2. Jobless Claims and Powell to set the tone
The increasing unease about the path of interest rates will ensure a sharp focus on Federal Chairman Jerome Powell’s speech at 12:05 PM ET, his last scheduled appearance before the Fed’s top brass enters its usual pre-meeting quiet period.
None of the Federal Open Markets Committee’s most influential members have signaled any real concern about bond yields so far in their public comments, focusing rather on the underlying weakness in the labor market.
That is likely to be on show again at 8:30 AM ET, when the week’s jobless claims are released. Analysts expect a modest increase in initial claims to 750,000. U.S. durable goods orders data for February are out at the same time, while the Challenger Job Cuts survey for February is due an hour earlier.
3. Stock sell-off set to continue
U.S. stocks are seen extending Wednesday’s losses when they open again later, on fresh fears that a rise in interest rates will undermine the case for the heroic valuations still commanded by many companies, especially in the tech space.
By 6:30 AM ET, Dow Jones futures were down 147 points, or 0.5%, while S&P 500 futures were down 0.7% and Nasdaq 100 futures were again underperforming with a drop of 0.9%. Tesla, Apple (NASDAQ:AAPL), Nvidia (NASDAQ:NVDA), Microsoft (NASDAQ:MSFT) and Advanced Micro Devices (NASDAQ:AMD) stock were all clearly down in premarket trading. Amazon (NASDAQ:AMZN) stock was down by slightly less, after news that it is in talks to secure exclusive streaming rights for a large number of NFL games.
Broadcom will release earnings after the closing bell.
4. OPEC+ meet to set April quotas
The world’s largest oil exporters will set production quotas for April, having broken with tradition by not leaking much of their intentions ahead of time. The pre-meeting of OPEC’s market monitoring committee ended without a formal recommendation to the ministers who will start thrashing out a deal at 8 AM ET (1300 GMT).

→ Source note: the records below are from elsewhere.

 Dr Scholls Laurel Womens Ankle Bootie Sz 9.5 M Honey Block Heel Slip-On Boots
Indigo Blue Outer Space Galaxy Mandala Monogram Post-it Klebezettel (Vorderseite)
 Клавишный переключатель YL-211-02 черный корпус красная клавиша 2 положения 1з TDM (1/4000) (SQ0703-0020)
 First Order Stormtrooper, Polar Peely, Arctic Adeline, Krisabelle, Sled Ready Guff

Analysts suggest that a net increase in output of anything less than 1.5 million barrels a day will be bullish for prices, arguing that global demand has recovered enough to absorb the extra supply. The big unknown is how quickly Saudi Arabia will unwind the 1 million b/d cut that it made unilaterally for February and March. That number is unlikely to be captured in the headline announcement by OPEC.
Crude prices have eased a little overnight: WTI Futures were down 0.3% at $61.09 a barrel, while Brent crude was down 0.3% at $63.91 a barrel.

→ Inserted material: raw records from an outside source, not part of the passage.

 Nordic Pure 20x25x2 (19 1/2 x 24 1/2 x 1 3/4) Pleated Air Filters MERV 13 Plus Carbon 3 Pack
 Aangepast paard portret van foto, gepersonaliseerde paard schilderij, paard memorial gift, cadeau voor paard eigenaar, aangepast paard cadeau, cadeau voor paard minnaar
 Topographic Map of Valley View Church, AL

5. Melvin claws back less than half its losses
The hedge fund targeted by users of a Reddit chatboard in the epic short squeeze of GameStop (NYSE:GME) stock and others was still showing the scars of that fight last month.
CNBC, citing anonymous sources, said Melvin Capital posted a 21.7% return for February after losing 53% in January as retail traders forced it to unwind its big bet against the video games retailer in a hurry.
Melvin had been rescued by capital injections from Steven Cohen’s Point 72 investment firm and Ken Griffin’s Citadel – the latter being the company that is the biggest buyer of order flow data from online brokerage Robinhood.